SpatialRGBEncoder(input_keys, backbone=value, pooling_method=value, batch_norm_handling=value, intermediate_layer_index=None, pretrained=False, frozen=False, model_dtype=None, lora_config=None)
Bases: RGBEncoderMixin, SpatialBackboneEncoder
RGB encoder for backbones that output spatial feature maps.
Supports any timm backbone compatible with features_only=True,
regardless of whether the architecture is convolutional (ResNet,
EfficientNet, ConvNeXt) or attention-based (Swin, TinyViT).
Handles both NCHW and NHWC output layouts transparently.

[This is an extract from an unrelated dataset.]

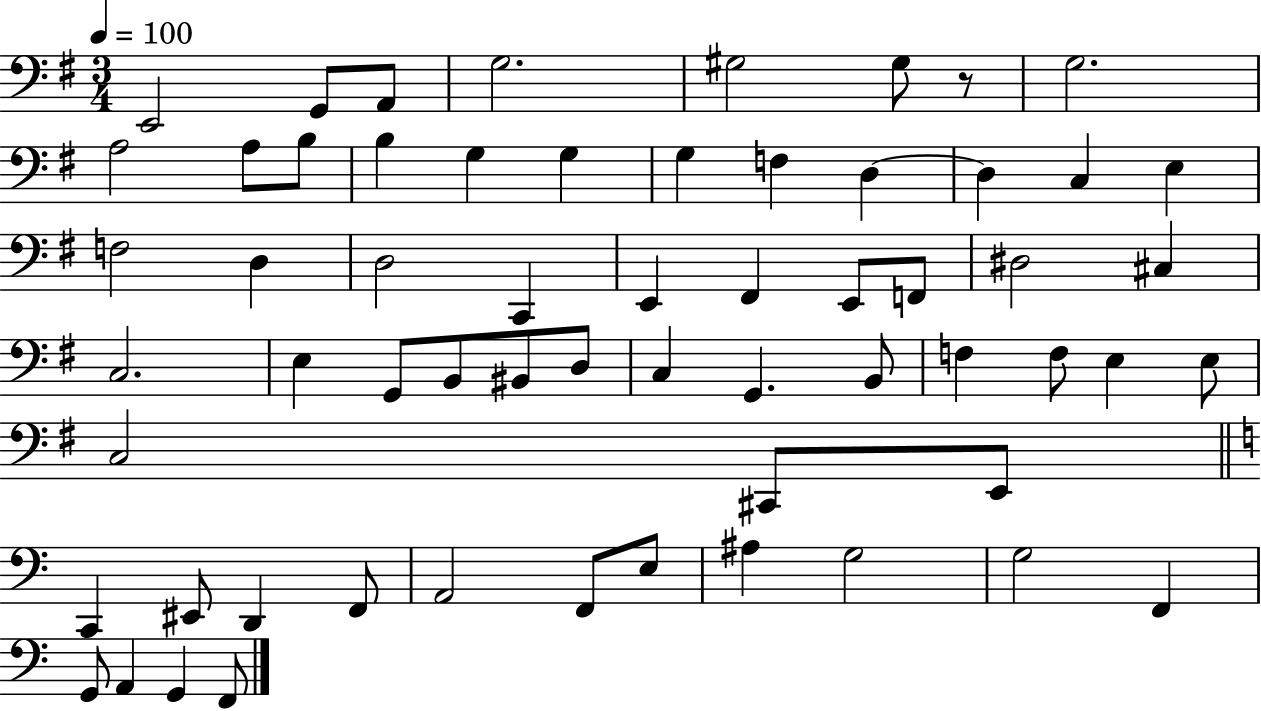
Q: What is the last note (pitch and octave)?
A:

Source code in src/versatil/models/encoding/encoders/spatial_backbone.py
| def __init__(
self,
input_keys: str | list[str],
backbone: str = SpatialBackboneType.RESNET18.value,
pooling_method: str = PoolingMethod.AVERAGE.value,
batch_norm_handling: str = BatchNormHandling.FROZEN.value,
intermediate_layer_index: int | None = None,
pretrained: bool = False,
frozen: bool = False,
model_dtype: str | None = None,
lora_config: LoRAAdaptation | None = None,
) -> None:
"""Initialize the spatial encoder with a timm backbone.
Args:
input_keys: Camera observation keys.
backbone: timm model name from SpatialBackboneType.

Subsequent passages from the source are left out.